Can be "terminal", "substructure", "core", "whole" or "exact". Default is "substructure".
See |
ignore_linkages |
A logical value. If |
A new glyexp::experiment() object containing motif quantifications.
Instead of containing quantifications of individual glycans on each glycosite in each sample,
the new experiment contains quantifications of each motif on each glycosite in each sample
(for glycoproteomics data) or motif quantifications in each sample (for glycomics data).
The var_info table includes a motif_structure column containing the parsed glycan structure
for each motif, allowing traceability of motif definitions.
For glycoproteomics data, with additional columns:
protein: protein ID
protein_site: the glycosite position on the protein
Other columns in the var_info table (e.g., gene) are retained if they have a "many-to-one"
relationship with glycosites (unique combinations of protein, protein_site).
That is, each glycosite cannot have multiple values for these columns.
gene is a common example, as a glycosite can only be associated with one gene.
Glycan descriptions are not such columns, as a glycosite can have multiple glycans,
thus having multiple descriptions.
Columns that do not have this relationship with glycosites will be dropped.
Don't worry if you cannot understand this logic—
just know that this function will do its best to preserve useful information.
The sample_info and meta_data tables are not modified,
except that the exp_type field in meta_data is set to "traitomics" for glycomics data
and "traitproteomics" for glycoproteomics data.
Motif quantification can be performed in two ways: absolute and relative. Do not confuse this with the absolute and relative quantification of glycans or glycopeptides.

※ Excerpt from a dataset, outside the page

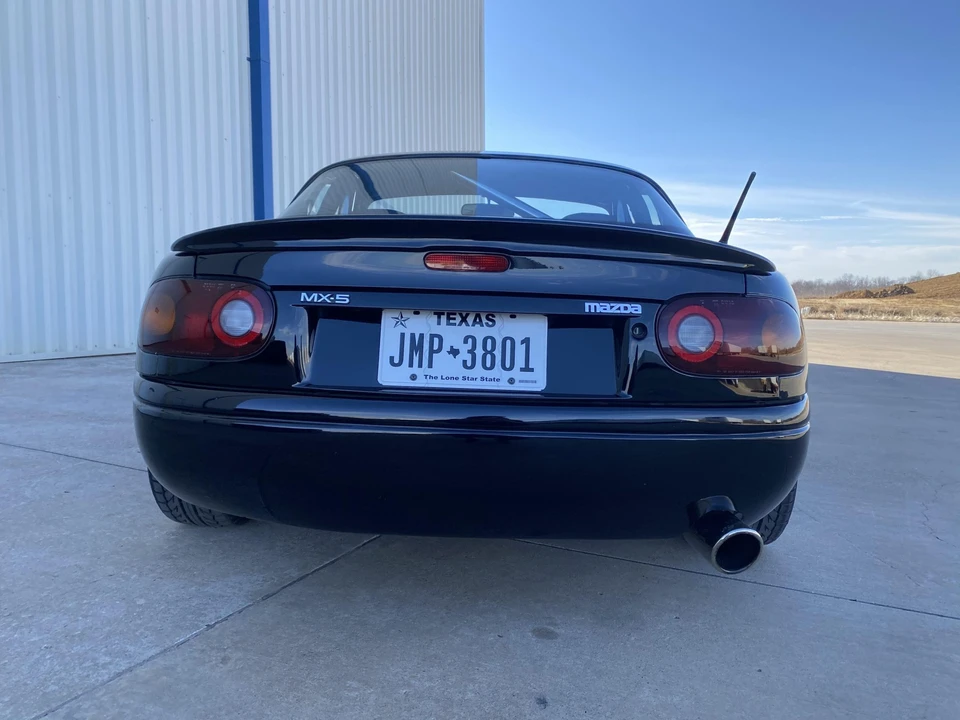 1994 Mazda NA MX-5 Miata - Image 12 of 31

In an omics context, absolute quantification means we can determine the actual concentration (e.g., in mg/L) or counts (e.g., mRNA copy numbers), while relative quantification means we can only compare the abundance of the same molecule between different samples, but the absolute values themselves are not meaningful. Label-free quantification is a relative quantification method.
In the context of motif quantification, absolute and relative refer to whether we normalize the motif quantifications by the total abundance of the glycome (or the mini-glycomes of individual glycosites).

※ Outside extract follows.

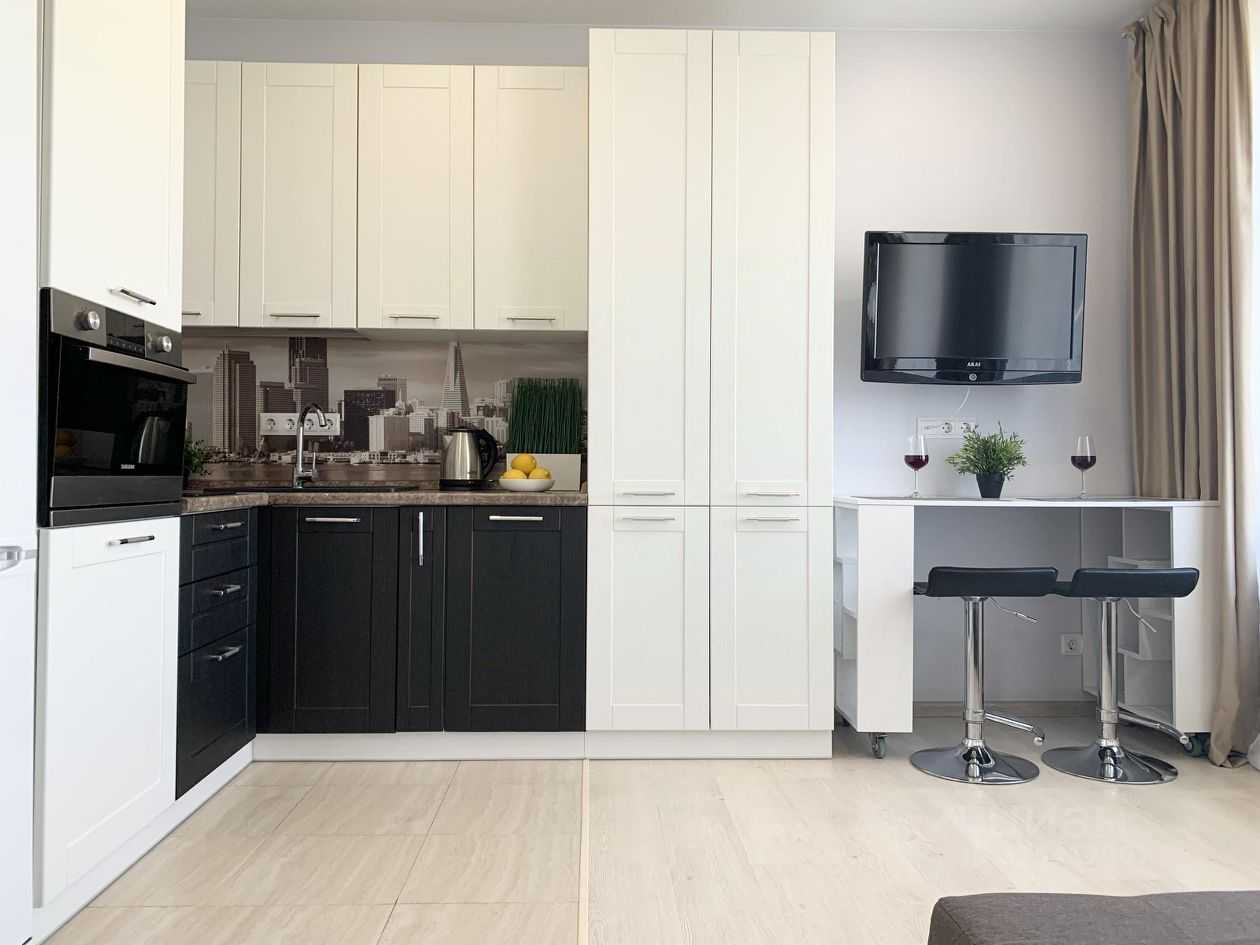 1-комнатная квартира, 25 м²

For example, let's say we have a glycomics dataset with two samples, A and B. In each sample, three glycans (G1, G2, G3) are present, with the following abundances:
Sample A: G1 = 10, G2 = 20, G3 = 30
Sample B: G1 = 20, G2 = 40, G3 = 60
For simplicity, let's say the motif we want to quantify happens to appear once in all glycans.
For absolute motif quantification, we simply sum the abundances of the motif across all glycans:
Sample A: 10 × 1 + 20 × 1 + 30 × 1 = 60 (× 1 because the motif appears once in each glycan)
Sample B: 20 × 1 + 40 × 1 + 60 × 1 = 120
The results are clearly different.
However, if we quantify the motif in a relative way:
Sample A: (10 × 1 + 20 × 1 + 30 × 1) / (10 + 20 + 30) = 60 / 60 = 1
Sample B: (20 × 1 + 40 × 1 + 60 × 1) / (20 + 40 + 60) = 120 / 120 = 1
The results are identical!
The absolute motif quantification answers the question "how many motifs are there in the sample?", while the relative motif quantification answers the question "if I take out one glycan molecule, how many motifs are on it in average?"
So which method should you use? It depends on both your data type and research objectives. Here are some general guidelines:
For glycomics data, you should typically use relative motif quantification, because glycomics data is inherently compositional (search "compositional data" for more details).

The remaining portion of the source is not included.